Momento del negocio inmobiliario: la tormenta perfecta

Una columna para analizar la situación del sector, desde la mirada de una protagonista que está activa y dentro del rubro, Fanny Cruz.

Fanny Cruz

El negocio inmobiliario.

Así podría titularse el capítulo actual de la debacle del mercado inmobiliario: "La tormenta perfecta".

El ánimo de los empresarios del sector está teñido de angustia. Entienden que la situación económica no acompaña y que ante la incertidumbre, cualquier previsión que se realice podría quedar en la nada en cuestión de meses o días. Si la economía logra revertirse en el tan “lejano como inalcanzable segundo semestre y se inicia un proceso de moderado crecimiento, como espera el gobierno, podemos esperar que nuestro rubro insinúe una recuperación aunque en el más optimista de los escenarios no pasaría de ser una modestísima recuperación.

Fanny Cruz.

¿Cuáles son los detonantes de este pico brutalmente recesivo?

Podríamos señalar al menos cinco detonantes que confluyen para esta tormenta perfecta.

  1. La inflación: el 2018 cerró con una inflación del 45% y era de esperar que 2019 trajera una baja sensible de la misma, el gobierno hablaba del 30%, si bien alta aún para esperar efecto rebote, pero de hecho no será así ni en el más optimista de los escenarios, estamos transitando el primer semestre de 2019 y es más cercana a la inflación del 2018.
  2. Tasas altísimas: las tasas actuales tornan inviable invertir en destinos productivos, cuando las tasas de interés que dan los bancos superan el 50%, no hay inversión inmobiliaria alguna que pueda competir, de hecho la rentabilidad por renta en locaciones está en uno de sus niveles históricos más bajos.
  3. Créditos hipotecarios UVA: fueron presentados como la herramienta para dinamizar la venta, el efecto positivo duró muy poco. En un comienzo, este sistema fue muy prometedor, pero la devaluación del peso frustró lo que prometía ser una herramienta muy útil. Hasta abril del 2018, casi el 40% de las compras eran apalancadas con financiamiento bancario, hasta que la pérdida de valor del peso, moneda en la que se otorgan los préstamos, hizo estragos en las viabilidad de acceder a los mismos.
  4. Dólar: es otra de las variables claves, sobre las que los desarrolladores deben apoyar sus cálculos y valores de comercialización. Ante la posibilidad de quedar desfasados respecto de sus análisis y previsiones, prefieren paralizar obras y llevar la estructura productiva a otros mercados, por ejemplo Chile, es el claro ejemplo de algunos grandes desarrolladores locales, que con éxito avanzan con emprendimientos en el país vecino. Un dólar cercano a los $50, no hace más que torcer la balanza en contra de todos aquellos que pretenden acceder al financiamiento, ya que reciben pesos para pagar inmuebles que cotizan en dólares.
  5. Elecciones: como si todo esto antes dicho no fuera suficiente, es un año electoral y como todo año electoral, contrae las operaciones por la incertidumbre del panorama político. Más aún en la actual coyuntura donde se juegan a cara o cruz dos visiones del mundo y dos modelos de país.

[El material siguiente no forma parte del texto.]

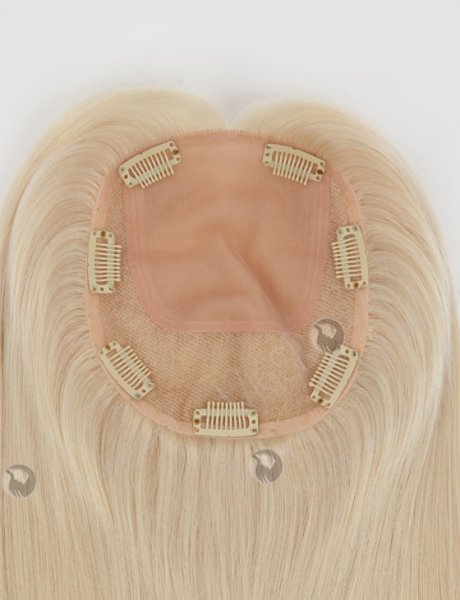 Amazing White Hair Toppers for Short HairTopper-152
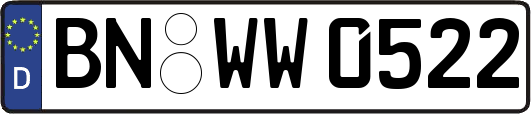 BN-WW0522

En definitiva este compilado de factores, nos llevan a un mercado inmobiliario casi reducido a su mínima expresión, raquítico, con poco giro de operaciones y con el sueño lejano de acceder a la vivienda propia por parte de la siempre castigada clase media, debido a la enorme brecha que existe hoy entre los precios de los inmuebles en dólares y los empobrecidos salarios en pesos.